I have been working on a idea for a system where I can have many workers that are triggered on a regular basis by a a central timer class. The part I'm concerned about here is a TriggeredWorker
which, in a loop, uses the mutex
& conditionVariable
approach to wait to be told to do work. It has a method trigger
that is called (by a different thread) that triggers work to be done. It is an abstract class that has to be subclassed for the actual work
method to be implemented.
I have a test that shows that this mechanism works. However, as I increase the load by reducing the trigger interval, the test starts to fail. When I delay 20 microseconds between triggers, the test is 100% reliable. As I reduce down to 1 microsecond, I start to get failures in that the count of work performed reduces from 1000 (expected) to values like 986, 933, 999 etc..
My questions are: (1) what is it that is going wrong and how can I capture what is going wrong so I can report it or do something about it? And, (2) is there some better approach that I could use that would be better? I have to admit that my experience with c++ is limited to the last 3 months, although I have worked with other languages for several years.

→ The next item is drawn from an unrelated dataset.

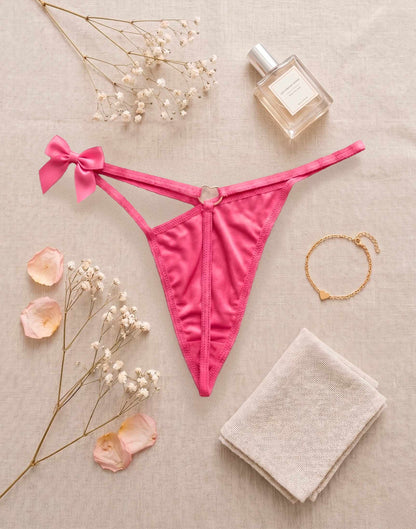 Fio Sexy com Lateral Vazada em Odalisca – Doce Malícia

Many thanks for reading...
Here are the key bits of code:
Triggered worker header file:
#ifndef TIMER_TRIGGERED_WORKER_H
#define TIMER_TRIGGERED_WORKER_H
#include <thread>
#include <plog/Log.h>
class TriggeredWorker {
private:
std::mutex mutex_;
std::condition_variable condVar_;
std::atomic<bool> running_{false};
std::atomic<bool> ready_{false};
void workLoop();
protected:
virtual void work() {};
public:
void start();
void stop();
void trigger();
};
#endif //TIMER_TRIGGERED_WORKER_H
Triggered worker implementation:
#include "TriggeredWorker.h"
void TriggeredWorker::workLoop() {
PLOGD << "workLoop started...";
while(true) {
std::unique_lock<std::mutex> lock(mutex_);
condVar_.wait(lock, [this]{
bool ready = this->ready_;
bool running = this->running_;
return ready | !running; });
this->ready_ = false;
if (!this->running_) {
break;
}
PLOGD << "Calling work()...";
work();
lock.unlock();
condVar_.notify_one();
}
PLOGD << "Worker thread completed.";
}
void TriggeredWorker::start() {
PLOGD << "Worker start...";
this->running_ = true;
auto thread = std::thread(&TriggeredWorker::workLoop, this);
thread.detach();
}
void TriggeredWorker::stop() {
PLOGD << "Worker stop.";
this->running_ = false;
}
void TriggeredWorker::trigger() {
PLOGD << "Trigger.";
std::unique_lock<std::mutex> lock(mutex_);
ready_ = true;
lock.unlock();
condVar_.notify_one();
}
and the test:
#include "catch.hpp"
#include "TriggeredWorker.h"
#include <thread>
TEST_CASE("Simple worker performs work when triggered") {
static std::atomic<int> twt_count{0};
class SimpleTriggeredWorker : public TriggeredWorker {
protected:
void work() override {
PLOGD << "Incrementing counter.";
twt_count.fetch_add(1);
}
};
SimpleTriggeredWorker worker;
worker.start();
for (int i = 0; i < 1000; i++) {
worker.trigger();
std::this_thread::sleep_for(std::chrono::microseconds(20));
}
std::this_thread::sleep_for(std::chrono::seconds(1));
CHECK(twt_count == 1000);
std::this_thread::sleep_for(std::chrono::seconds(1));
worker.stop();
}
What happens when worker.trigger()
is called twice before workLoop
acquires the lock? You loose one of those "triggers". Smaller time gap means higher probability of test failure, because of higher probability of multiple consecutive worker.trigger()
calls before workLoop
wakes up. Note that there's nothing that guarantees that workLoop
will acquire the lock after worker.trigger()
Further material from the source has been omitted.